## DATA PROVIDED
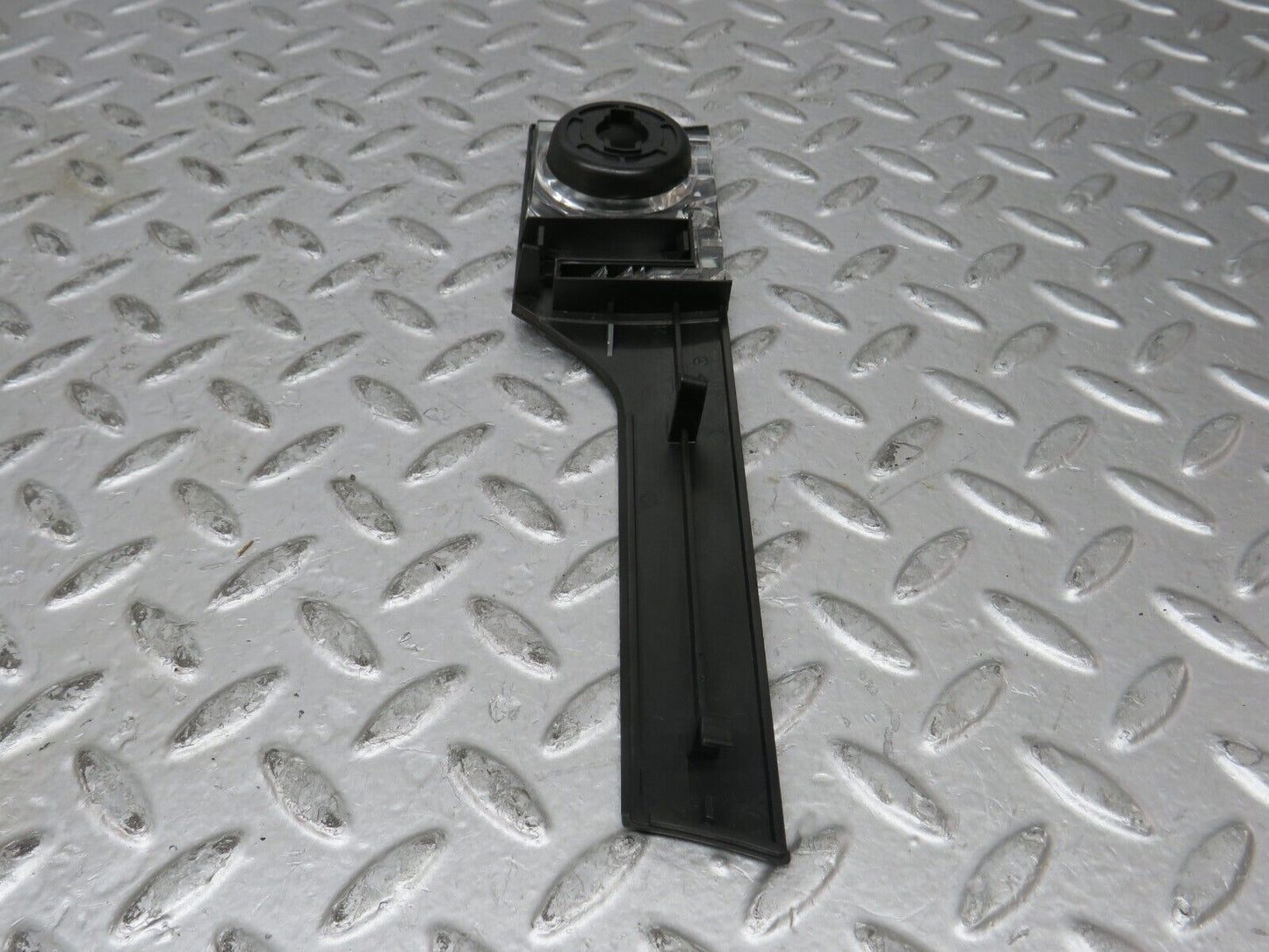 27587 Mercedes-Benz S124 300TE Wagon Headlight Switch Cover Trim Surround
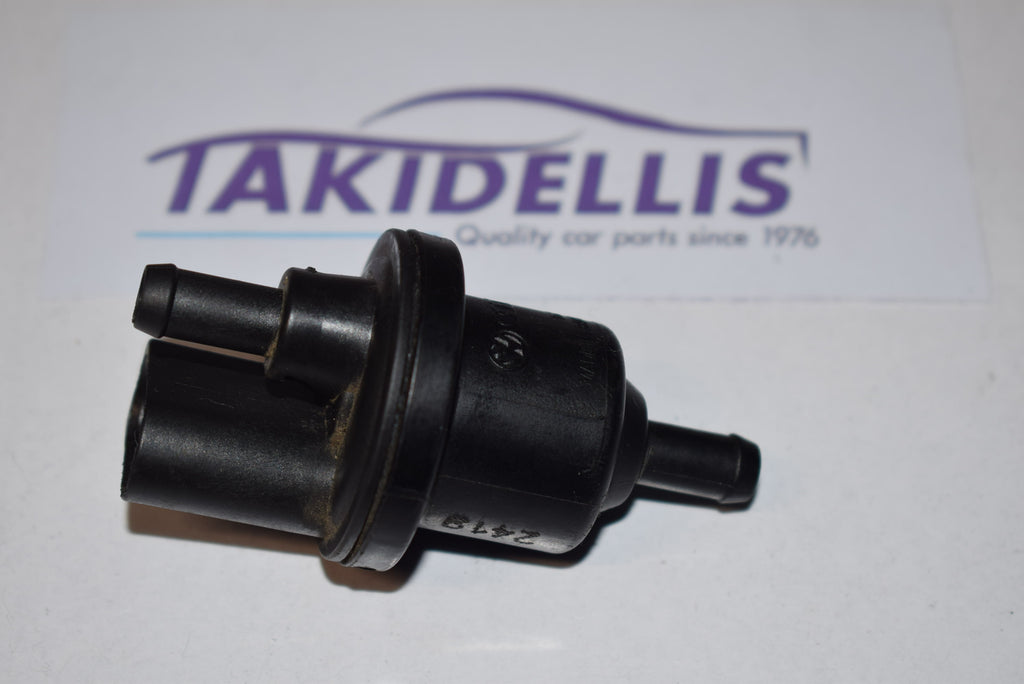 Turbo Group Vag Air Pressure Sensor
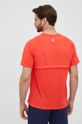Běžecké tričko Under Armour Streaker  Hlavní materiál: 93% Polyester, 7% elastomultiester Ozdobné prvky: 96% Polyester, 4% elastomultiester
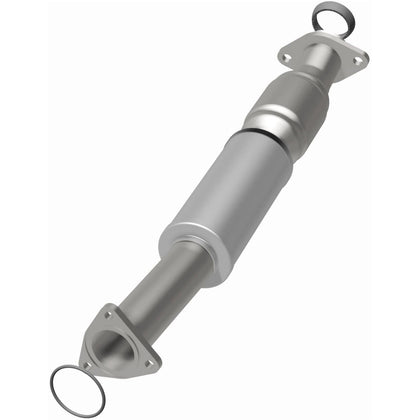 MagnaFlow 1991-1995 Acura Legend 3.2L Standard Grade Federal / EPA Compliant Direct-Fit Catalytic Converter 23618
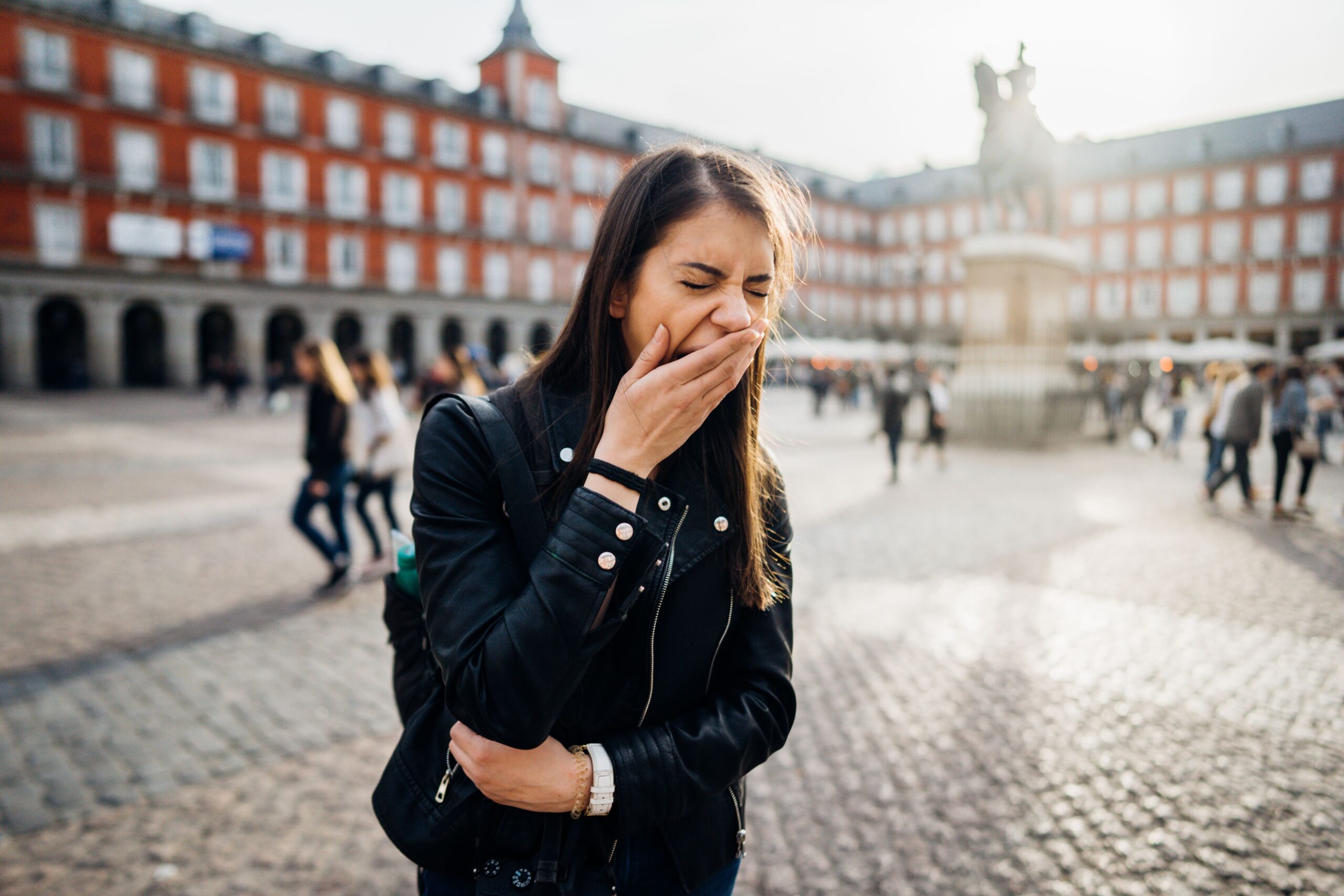 How Lengthy Does It Take To Get Over Jet Lag? First-Of-Its-Form Sleep Research Reveals The Reply How Lengthy Does It Take To Get Over Jet Lag? First-Of-Its-Form Sleep Research Reveals The Reply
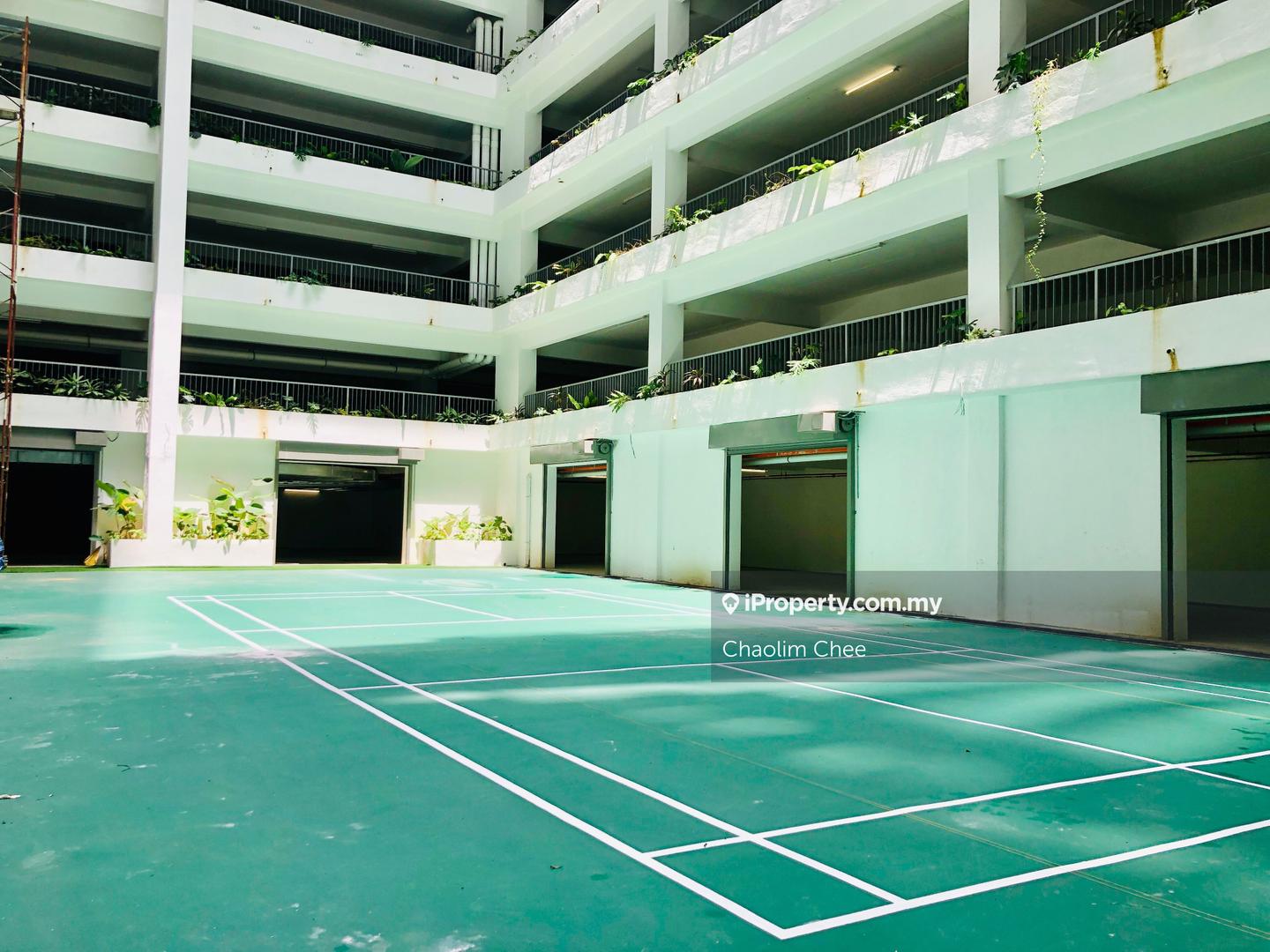 Condominium for Sale in Residensi Harmoni 2 by Chaolim Chee - iProperty.com.my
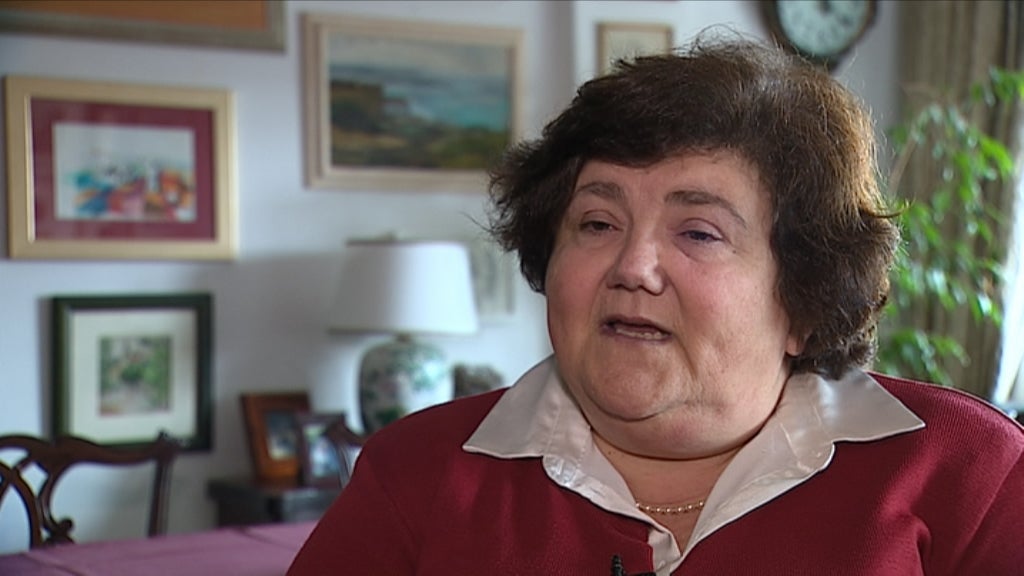 Estatuto do maior acompanhado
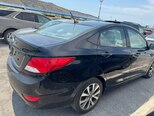 Hyundai Accent-8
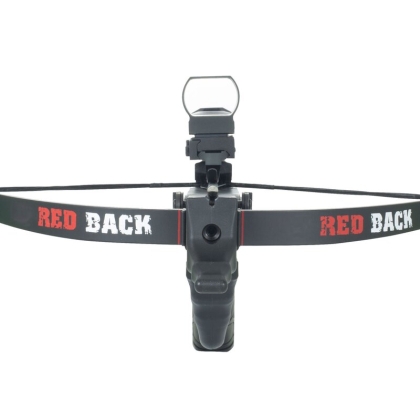 Pistol arbaleta Hori-Zone Redback Deluxe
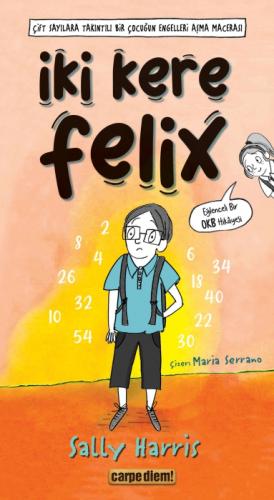 İki Kere Felix  Frontansicht 1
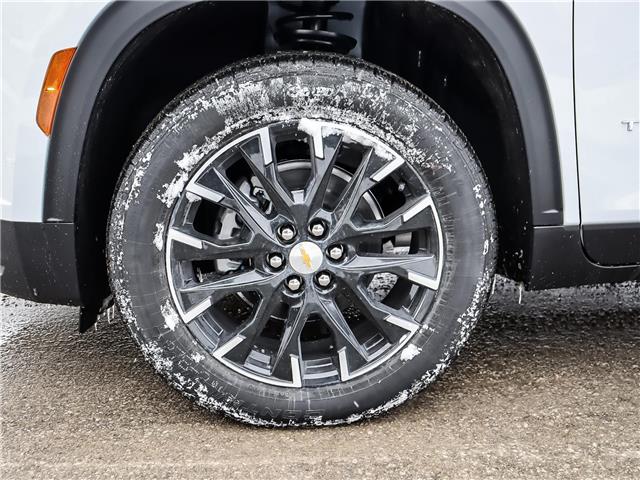 2026 Chevrolet Traverse LT (Stk: 263615) in Uxbridge - Image 24 of 25
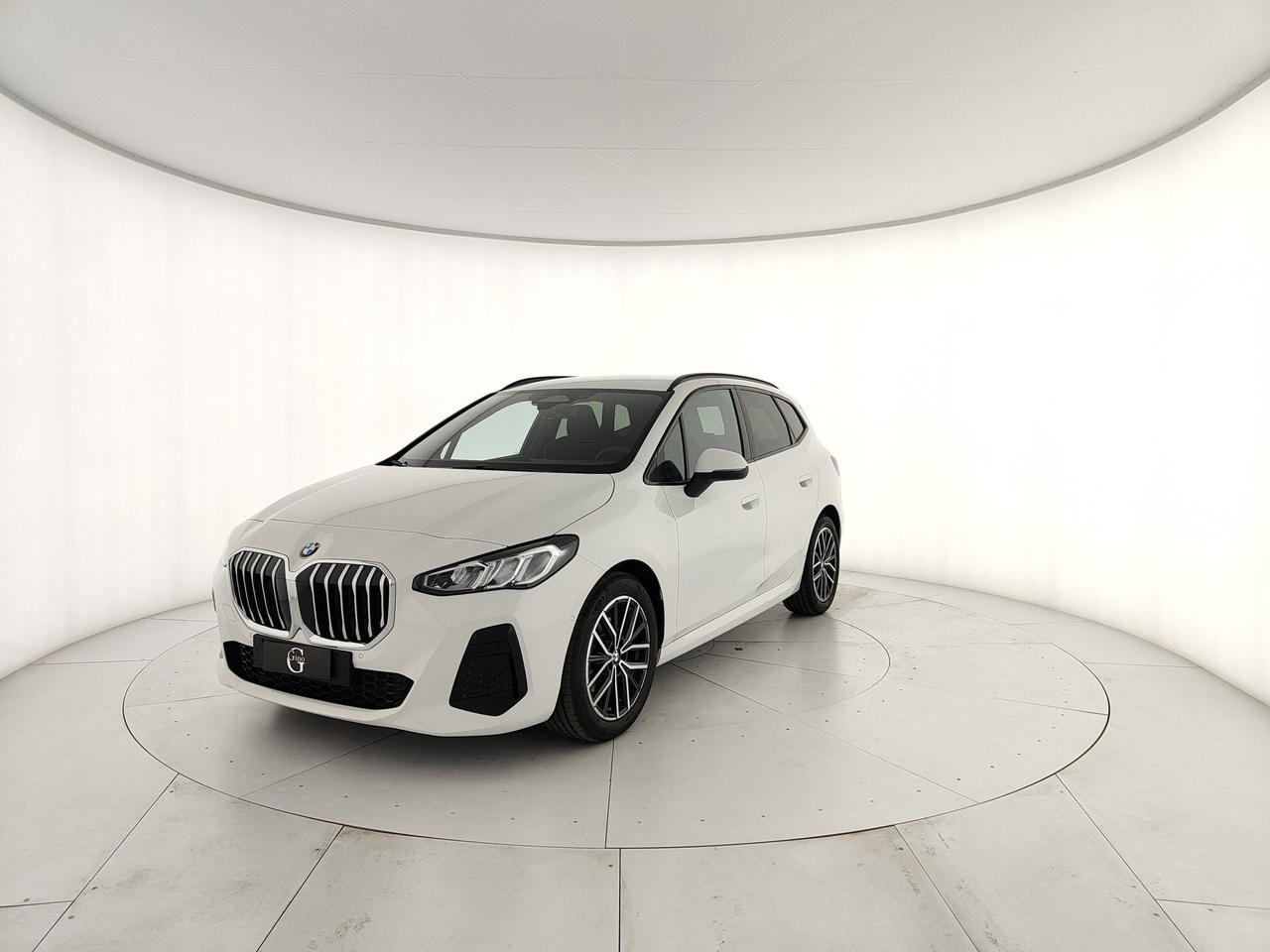 BMW BMW 220d Active Tourer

## EXERCISE INSTRUCTIONS
If a record holds a picture, leave the picture out and print everything else exactly.

## EXPECTED ANSWER
 27587 Mercedes-Benz S124 300TE Wagon Headlight Switch Cover Trim Surround
 Turbo Group Vag Air Pressure Sensor
Běžecké tričko Under Armour Streaker  Hlavní materiál: 93% Polyester, 7% elastomultiester Ozdobné prvky: 96% Polyester, 4% elastomultiester
 MagnaFlow 1991-1995 Acura Legend 3.2L Standard Grade Federal / EPA Compliant Direct-Fit Catalytic Converter 23618
 How Lengthy Does It Take To Get Over Jet Lag? First-Of-Its-Form Sleep Research Reveals The Reply How Lengthy Does It Take To Get Over Jet Lag? First-Of-Its-Form Sleep Research Reveals The Reply
 Condominium for Sale in Residensi Harmoni 2 by Chaolim Chee - iProperty.com.my
 Estatuto do maior acompanhado
 Hyundai Accent-8
 Pistol arbaleta Hori-Zone Redback Deluxe
 İki Kere Felix  Frontansicht 1
 2026 Chevrolet Traverse LT (Stk: 263615) in Uxbridge - Image 24 of 25
 BMW BMW 220d Active Tourer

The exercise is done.